If municipalities are serious about addressing health, safety and building code violations, they should develop solutions that address the issue holistically. Rather than the ineffective patchwork approach of requiring one home owner to repair a leaky sewer pipe or cracked sidewalk at the point-of-sale, municipalities should focus their efforts on community-wide programs that take advantage of economies of scale throughout the year. These programs should include:
1) Public Alerts
A public education component that alerts home owners to serious issues of concern in the community.
2) Potential Insurance Coverage for Repairs
Research into potential insurance policies that could cover a substantial portion of repairs for expensive items such as cracked or broken sewer lateral lines.
3) At Large Repairs at a Discounted Rate
An agreement with local contractors – through a competitive bidding process – to complete large repairs at a discounted rate.

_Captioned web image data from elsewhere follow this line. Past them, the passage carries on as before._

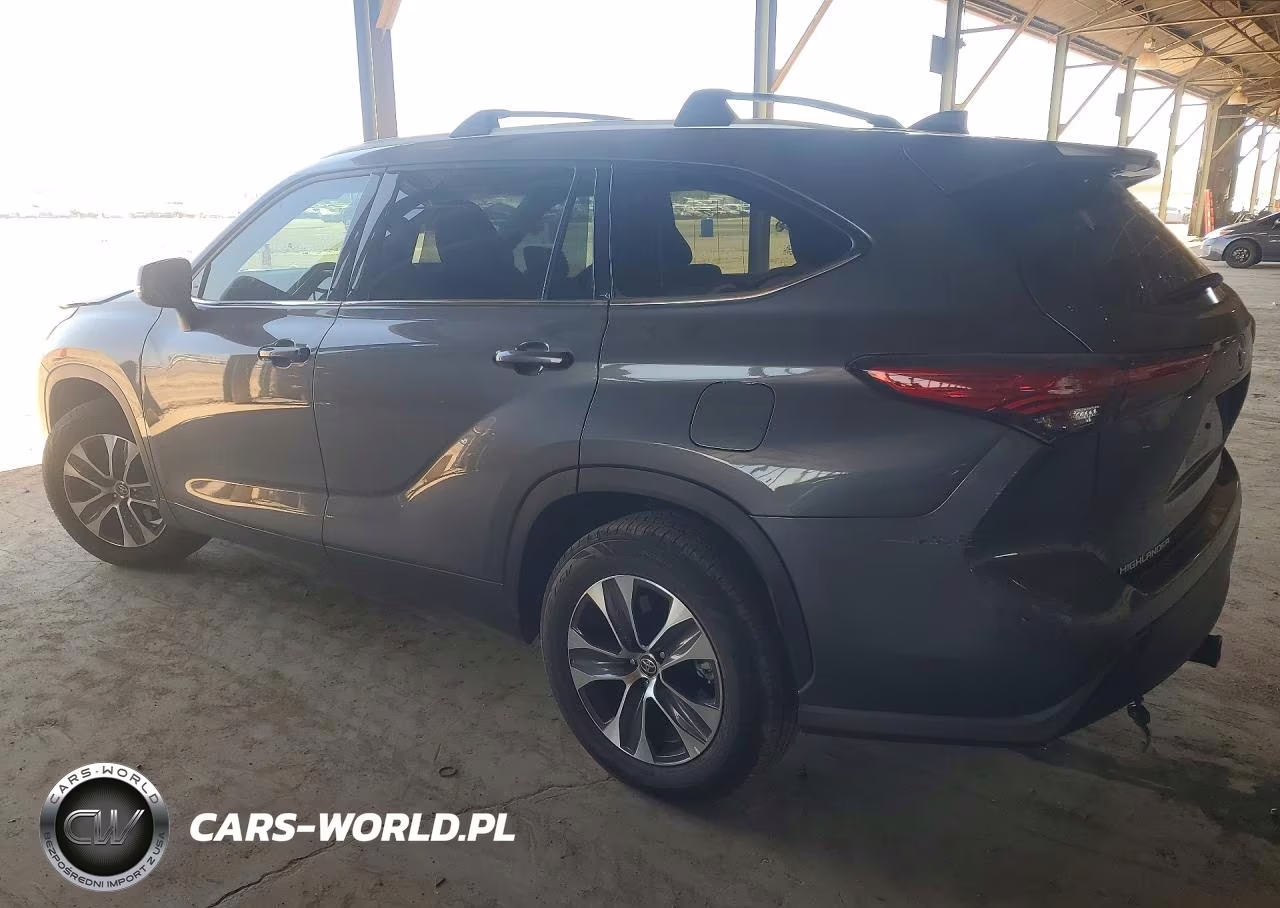 2022 Toyota Highlander Xle VIN:5TDGZRAH9NS131638 - 2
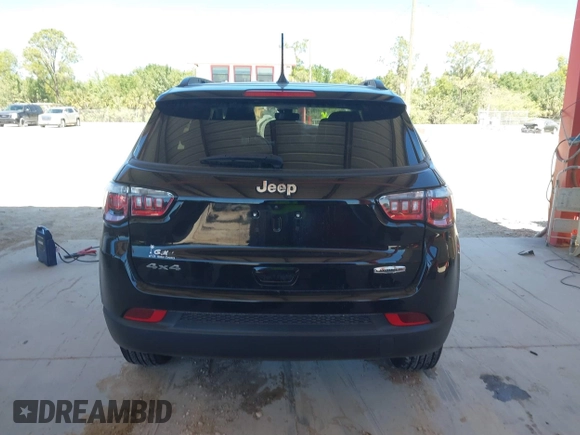 2022 Jeep Compass Latitude Lux z VIN 3C4NJDFB8NT127866, wystawiony jako IAAI lot #41859265 z przebiegiem 29 005 mil mil oraz . Historia ofert i sprzedaży dostępna na DreamBid. Obrazek 16.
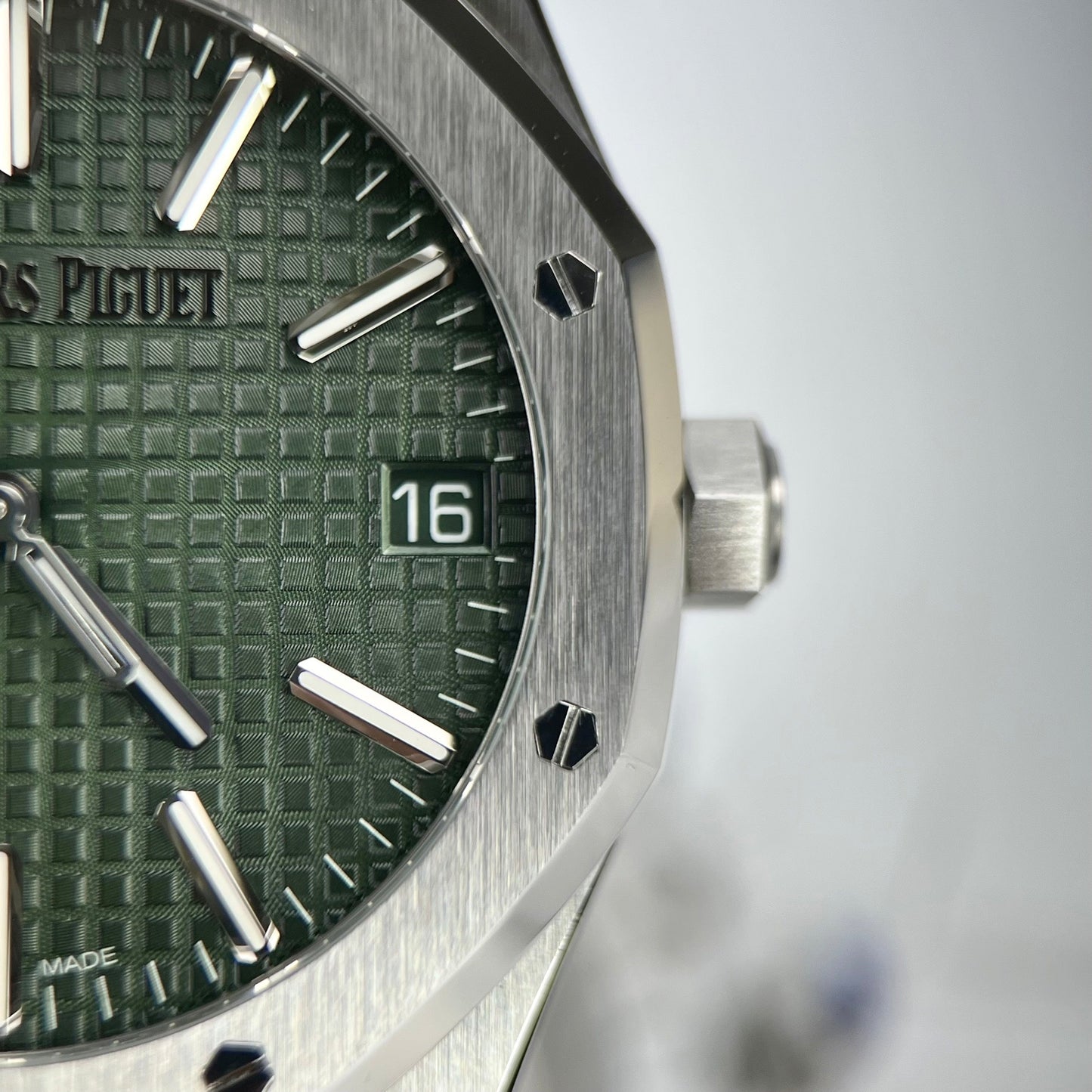 Audemars Piguet Royal Oak 15510ST.OO.1320ST.04 1:1 Mejor edición ZF Factory Green Dial Versión más reciente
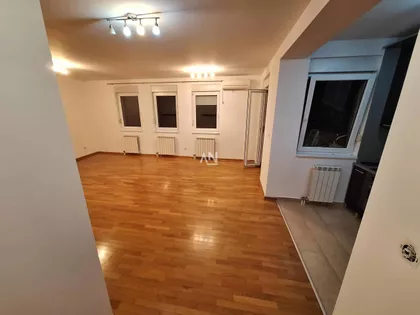 Gospodara Vučića | 4zida.rs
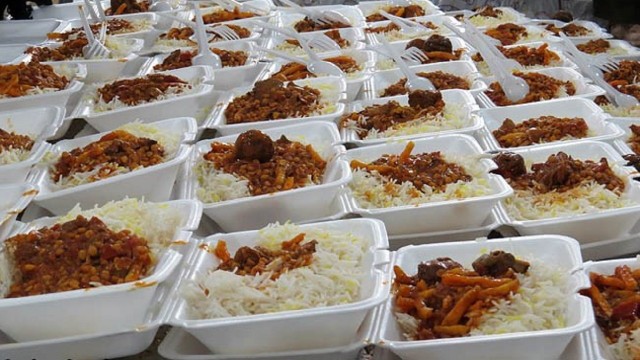 توزیع بیش از ۶ هزار دست غذای گرم در هرمز
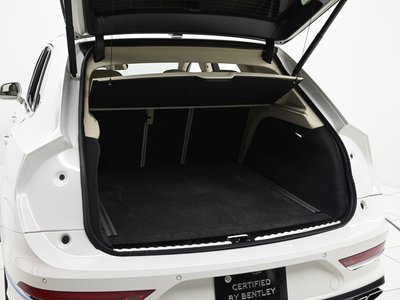 BENTLEY BENTAYGA - 7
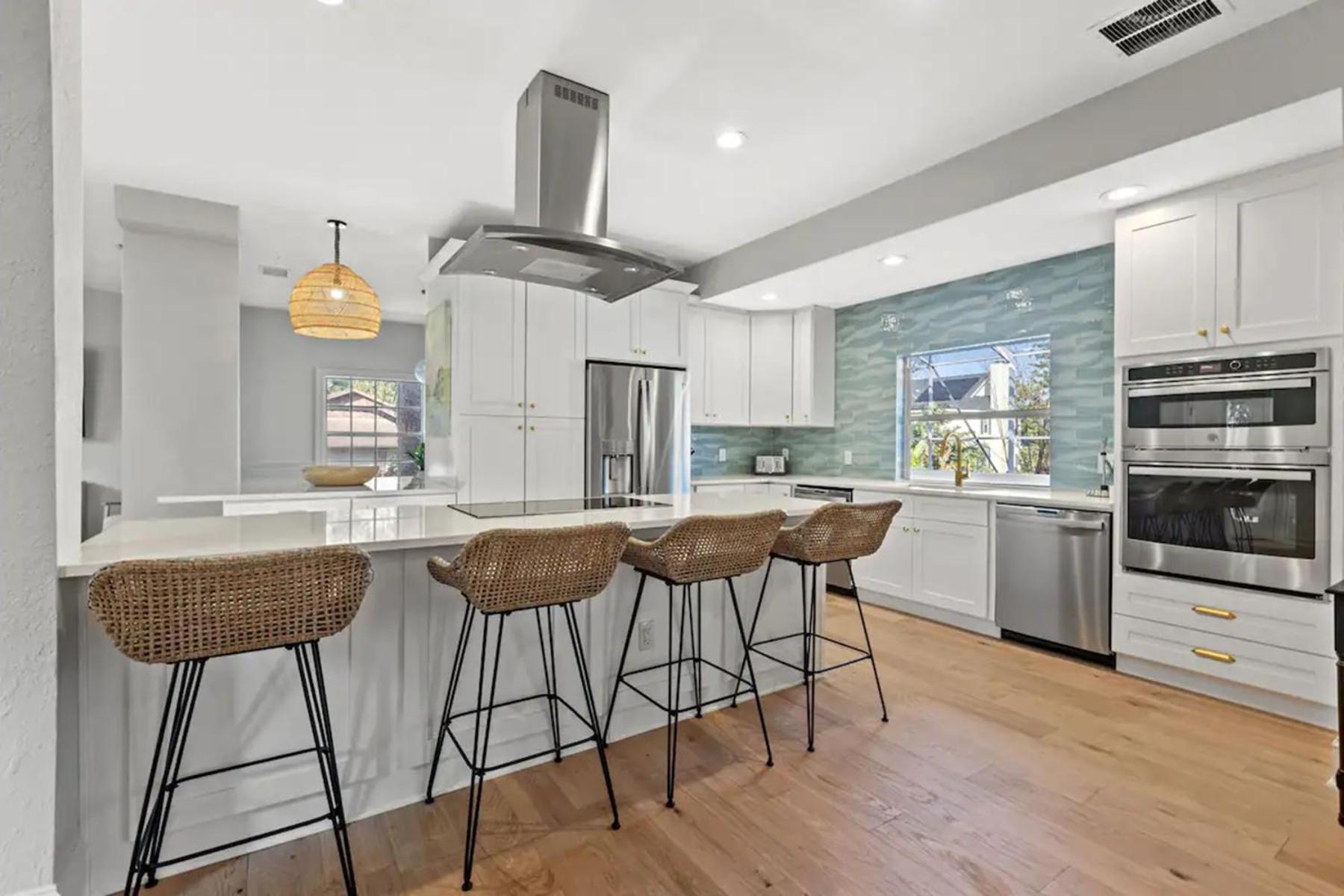 Updated Home w Heated Pool, Near Beaches - Five-Bedroom House view 4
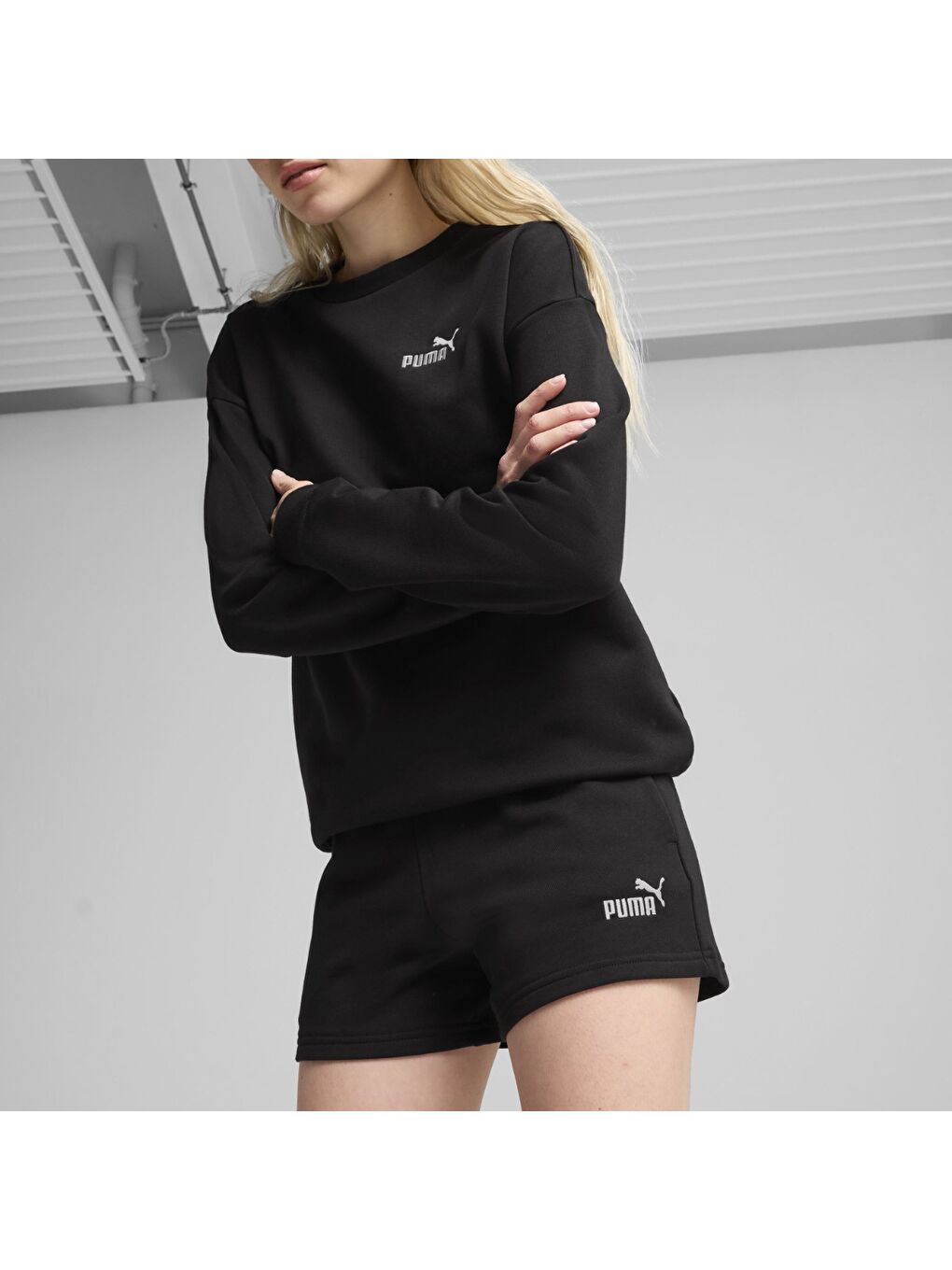 Essentials Small No 1 Logo Kadın Siyah Şort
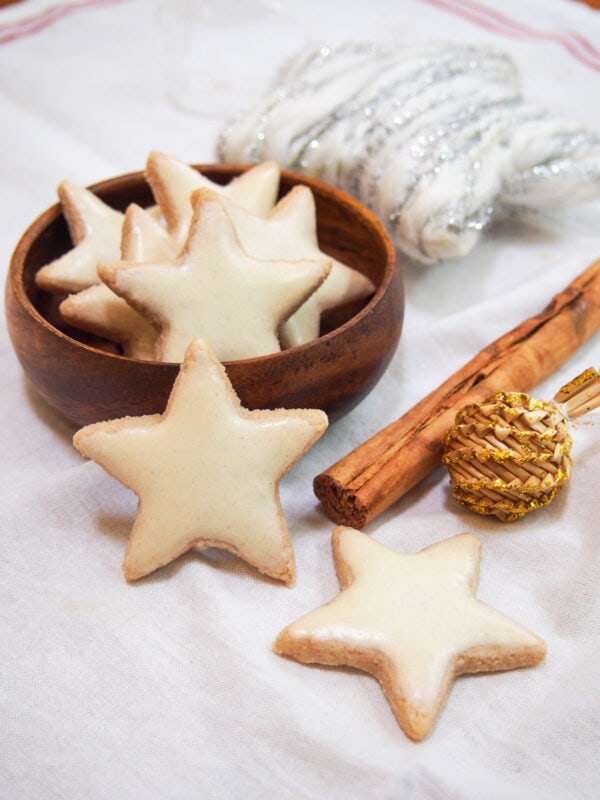 Zimtsterne - German cinnamon stars with meringue topping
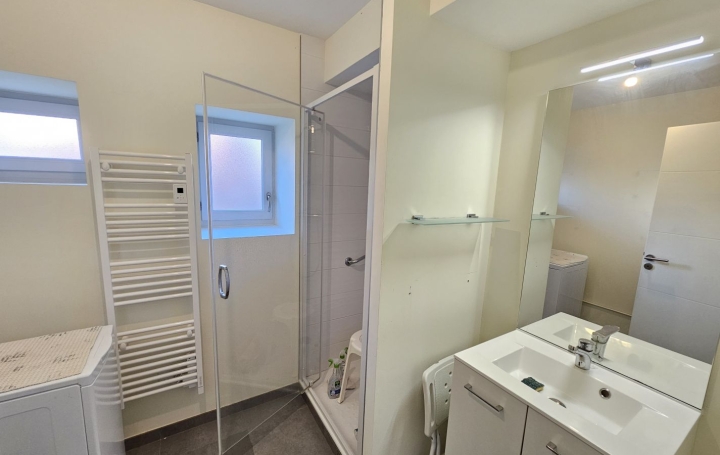 4 Pièces PONT-DE-VAUX (01190)  72 m2 830 € 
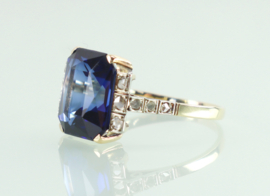 Antieke gouden Art Deco ring met saffier en diamant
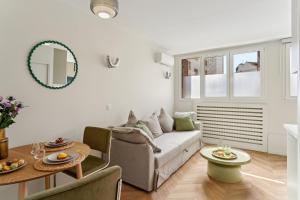 Lavie Maison AC Little Fontaine - 4-Sterne-Hotels in Paris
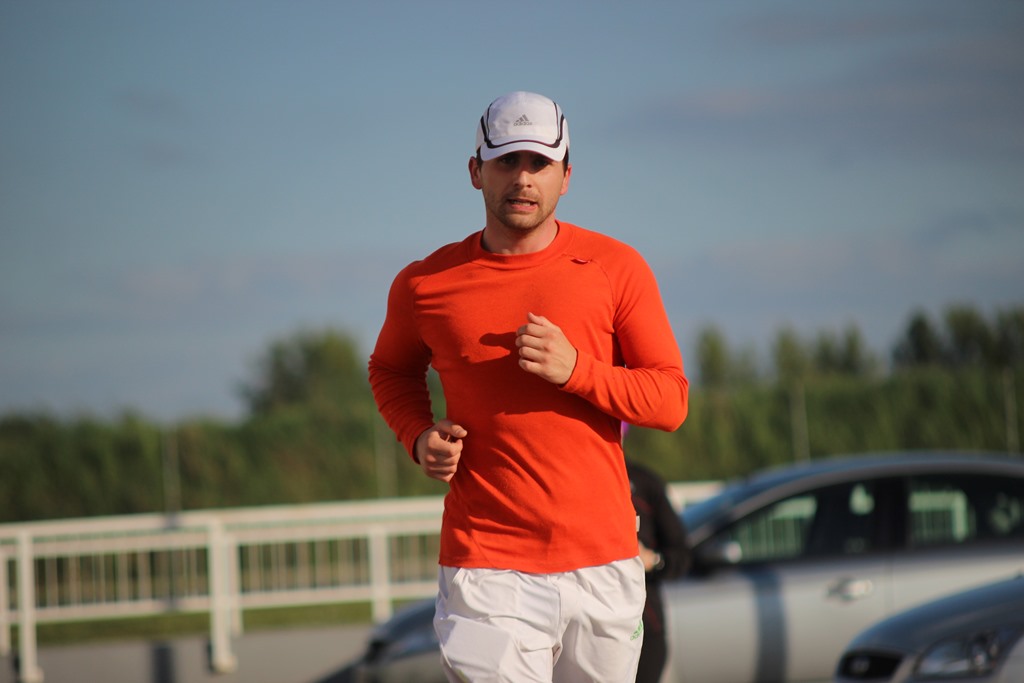 Biegowy czwartek pod Decathlonem po raz drugi
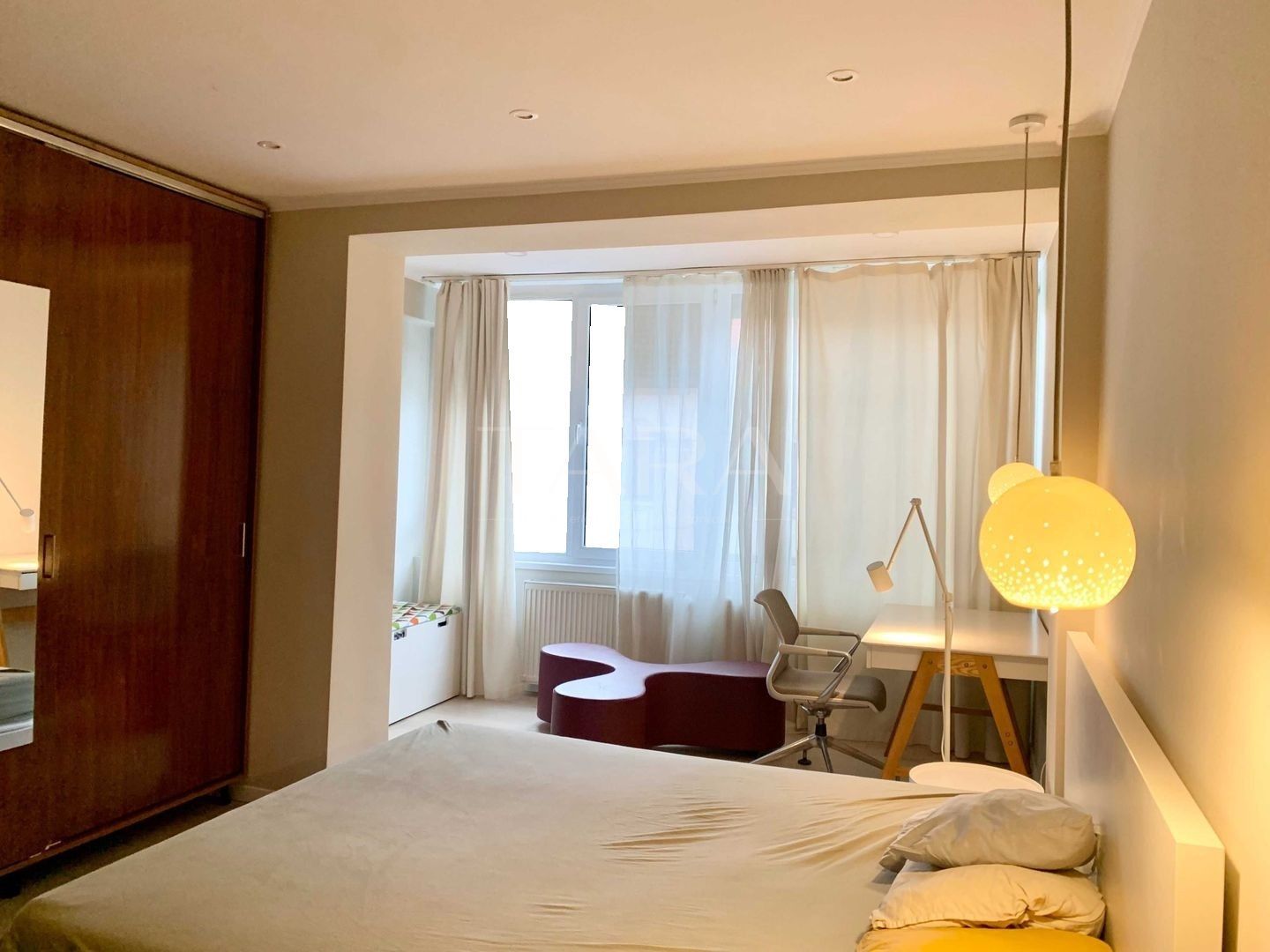 Vânzare apartament cu 2 camere 63 mp, zona ultracentrală. - Poză 5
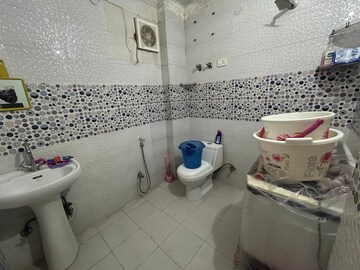 Master Bedroom in 1 BHK Builder Floor at Saket – for Rent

Repairs of individual sections of sidewalk, curbs, sewer lateral lines, and other substantial problems can be extremely costly. These types of “one-off” repairs also make no sense, because they result in a patchwork of repairs throughout the community. One neighbor’s sidewalks are pristine, while the section next door has disintegrated into rubble.
4) Low-Interest Loans for Repair Work
An agreement with local banks to provide low-interest loans for repair work. County, state and federal funding can also be sought to help with needed infrastructure repairs, such a streets and sewer lines.
While this type of effort may not seem as expedient and palatable as the band-aid approach of point-of-sale inspections, it is the only way to legitimately address the serious budget, health and environmental issues that can be caused by ongoing property maintenance code violations.